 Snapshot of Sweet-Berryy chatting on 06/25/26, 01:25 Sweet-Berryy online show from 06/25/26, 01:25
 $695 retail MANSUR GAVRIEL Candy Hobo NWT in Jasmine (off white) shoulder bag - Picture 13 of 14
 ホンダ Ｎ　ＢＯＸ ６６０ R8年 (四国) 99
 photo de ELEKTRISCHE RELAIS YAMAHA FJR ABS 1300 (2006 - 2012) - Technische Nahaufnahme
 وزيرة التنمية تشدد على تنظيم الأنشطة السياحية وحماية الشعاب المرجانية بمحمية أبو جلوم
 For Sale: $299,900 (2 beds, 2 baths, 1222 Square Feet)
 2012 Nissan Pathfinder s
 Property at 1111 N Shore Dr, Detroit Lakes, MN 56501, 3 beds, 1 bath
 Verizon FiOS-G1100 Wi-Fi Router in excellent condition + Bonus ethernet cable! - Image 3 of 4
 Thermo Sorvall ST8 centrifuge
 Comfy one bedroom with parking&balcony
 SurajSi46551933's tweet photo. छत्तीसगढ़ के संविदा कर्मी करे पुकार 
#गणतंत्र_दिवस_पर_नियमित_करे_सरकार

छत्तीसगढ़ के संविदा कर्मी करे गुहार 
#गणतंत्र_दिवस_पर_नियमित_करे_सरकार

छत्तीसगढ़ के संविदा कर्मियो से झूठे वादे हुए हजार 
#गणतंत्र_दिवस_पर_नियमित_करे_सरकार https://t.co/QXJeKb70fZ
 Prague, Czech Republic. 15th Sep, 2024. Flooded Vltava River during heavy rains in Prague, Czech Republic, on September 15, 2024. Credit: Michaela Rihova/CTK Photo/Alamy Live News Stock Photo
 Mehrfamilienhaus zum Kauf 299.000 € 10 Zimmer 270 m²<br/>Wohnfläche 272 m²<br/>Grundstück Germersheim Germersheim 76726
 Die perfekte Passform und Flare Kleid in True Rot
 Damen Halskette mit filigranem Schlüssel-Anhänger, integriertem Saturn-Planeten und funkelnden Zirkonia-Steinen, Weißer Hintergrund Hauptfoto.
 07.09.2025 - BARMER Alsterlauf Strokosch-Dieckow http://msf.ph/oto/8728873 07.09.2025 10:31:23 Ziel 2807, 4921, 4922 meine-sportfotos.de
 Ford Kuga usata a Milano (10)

####################

## Task requirements
Which of the lines in the data hold the string "beds"? Report each of them by copying it.

## Output
 For Sale: $299,900 (2 beds, 2 baths, 1222 Square Feet)
 Property at 1111 N Shore Dr, Detroit Lakes, MN 56501, 3 beds, 1 bath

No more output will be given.